Gallery: October Sessions
Last Friday was a day of contrasts.
It started wet and windy with a strong north-east breeze making a mess of the ocean, but with a gusty offshore change pegged for late morning along with clearing weather and a peak in east-northeast swells, all the ingredients were there for a classic afternoon of surf.
I worked through the morning, watching the change push across the Blue Mountains, onwards to the coast. The skies cleared around Sydney at 9am, but it wasn't until one final burst of showers moved offshore just before 11am that winds turned west of north.
At first, conditions were raw with shorter period 5-6ft peaks pushing into the north-east magnets, but after an hour the windswell component began to drop out, surface conditions settled, and the waves began to pump on the dropping tide.

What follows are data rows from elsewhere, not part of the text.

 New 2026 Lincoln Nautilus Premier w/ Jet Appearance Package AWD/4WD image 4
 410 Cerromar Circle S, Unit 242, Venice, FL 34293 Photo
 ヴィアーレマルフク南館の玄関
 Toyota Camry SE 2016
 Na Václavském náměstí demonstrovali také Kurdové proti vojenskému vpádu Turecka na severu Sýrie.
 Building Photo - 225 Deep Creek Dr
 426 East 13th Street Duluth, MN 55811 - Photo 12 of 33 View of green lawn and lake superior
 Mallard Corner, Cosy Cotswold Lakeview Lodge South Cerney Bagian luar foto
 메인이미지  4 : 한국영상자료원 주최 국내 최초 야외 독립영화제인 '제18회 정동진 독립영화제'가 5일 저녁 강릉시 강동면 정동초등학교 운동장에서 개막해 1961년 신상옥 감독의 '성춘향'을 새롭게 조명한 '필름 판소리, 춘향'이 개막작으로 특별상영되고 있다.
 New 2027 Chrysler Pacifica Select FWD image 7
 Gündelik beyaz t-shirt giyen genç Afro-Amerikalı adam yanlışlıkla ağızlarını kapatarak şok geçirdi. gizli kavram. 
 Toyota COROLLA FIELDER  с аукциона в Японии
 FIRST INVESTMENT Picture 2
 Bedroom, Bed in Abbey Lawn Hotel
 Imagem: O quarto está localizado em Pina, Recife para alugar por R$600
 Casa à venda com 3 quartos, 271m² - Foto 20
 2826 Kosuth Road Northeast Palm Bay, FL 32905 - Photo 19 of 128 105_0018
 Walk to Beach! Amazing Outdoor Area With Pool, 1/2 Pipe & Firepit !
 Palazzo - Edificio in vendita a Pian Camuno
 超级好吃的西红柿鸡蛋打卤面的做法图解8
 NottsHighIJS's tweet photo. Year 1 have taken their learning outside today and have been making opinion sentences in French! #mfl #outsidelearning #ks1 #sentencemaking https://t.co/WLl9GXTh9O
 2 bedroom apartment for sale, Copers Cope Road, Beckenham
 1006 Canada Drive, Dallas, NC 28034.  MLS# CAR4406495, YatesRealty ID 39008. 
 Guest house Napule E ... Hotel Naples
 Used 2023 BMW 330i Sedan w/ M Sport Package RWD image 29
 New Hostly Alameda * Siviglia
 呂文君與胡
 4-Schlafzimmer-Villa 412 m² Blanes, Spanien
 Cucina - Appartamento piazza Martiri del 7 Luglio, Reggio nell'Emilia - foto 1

As the afternoon developed, a pulse of long-range groundswell kept crew hunting the inside sections honest, with larger sets detonating outside every 10 minutes or so.
Into the evening, the swell slowed a little but the rush of crowds also abated, leaving a handful of locals - Blake Levett being the standout at my local - to enjoy a special out-of-season session on a glorious Friday night.
Comments
Great pics Craigo
You ever heard of the Pilbara Princess Syndrome?
It’s where a girl who is a 5 getting on the plane in Perth emerges onto the tarmac at a remote mining town as an 8/10 due to the extreme male to female ratio*.
I reckon Manly has a similar effect going on where a 5/10 wave anywhere else looks like an 8/10 amongst the cosmopolitan closeouts.
*BTW…this is not sexist as I’ve also been to a place where my hideousness has been elevated to a crazy and irrational 6/10 because there was 60 girls for every guy. Such fond memories! It’s actually where I met my life partner. The effect is so real that I was worried than when she finally met me on the mainland she might think I’d pulled off some weird type of cat fishing deal as I looked more Quasimodo than Brad Pitt when other blokes were around.
LOL DSDS... Too true. I think in economics they call it an imbalance of supply and demand
It’s funny cause it’s true
Nice photos Craig, was a great evening for it. Started slowing down where I was late arvo, but just before sunset the midlength crew got out just as the swell picked up again. Me and one other bloke just taking turns on the reef, wave for wave, keeping out of each other's way and not exchanging a word to each other the whole time. All the while blue skies and glassy conditions hold. Doesn't get better than that.